**Your assignment**.
Taking the line with "Mobili di design" as the first and the line with "2022 BMW M340Xi" as the last, set down exactly every line in that range from the entries below, and no more.

**Record excerpts**.

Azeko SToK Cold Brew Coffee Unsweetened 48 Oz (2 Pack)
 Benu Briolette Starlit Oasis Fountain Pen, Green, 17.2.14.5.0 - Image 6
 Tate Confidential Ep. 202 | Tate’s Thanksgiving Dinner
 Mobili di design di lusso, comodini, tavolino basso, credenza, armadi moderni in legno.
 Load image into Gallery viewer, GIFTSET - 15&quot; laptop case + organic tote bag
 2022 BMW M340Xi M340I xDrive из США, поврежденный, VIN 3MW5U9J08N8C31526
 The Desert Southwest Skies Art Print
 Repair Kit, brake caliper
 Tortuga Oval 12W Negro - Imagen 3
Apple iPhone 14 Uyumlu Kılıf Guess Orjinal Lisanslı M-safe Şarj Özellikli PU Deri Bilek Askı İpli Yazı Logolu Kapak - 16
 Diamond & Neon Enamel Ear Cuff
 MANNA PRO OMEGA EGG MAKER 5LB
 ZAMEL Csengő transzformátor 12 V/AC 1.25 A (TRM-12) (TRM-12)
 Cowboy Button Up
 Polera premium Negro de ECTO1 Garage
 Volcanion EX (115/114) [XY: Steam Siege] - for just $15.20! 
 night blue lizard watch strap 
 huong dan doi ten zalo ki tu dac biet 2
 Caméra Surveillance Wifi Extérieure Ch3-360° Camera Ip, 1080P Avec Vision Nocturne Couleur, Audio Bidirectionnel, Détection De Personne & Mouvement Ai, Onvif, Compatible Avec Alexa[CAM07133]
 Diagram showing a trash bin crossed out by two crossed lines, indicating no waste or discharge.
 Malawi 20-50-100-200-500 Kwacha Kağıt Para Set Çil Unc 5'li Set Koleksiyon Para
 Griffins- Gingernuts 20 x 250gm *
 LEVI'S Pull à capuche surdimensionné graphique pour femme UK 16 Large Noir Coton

**Answer area**.
 Mobili di design di lusso, comodini, tavolino basso, credenza, armadi moderni in legno.
 Load image into Gallery viewer, GIFTSET - 15&quot; laptop case + organic tote bag
 2022 BMW M340Xi M340I xDrive из США, поврежденный, VIN 3MW5U9J08N8C31526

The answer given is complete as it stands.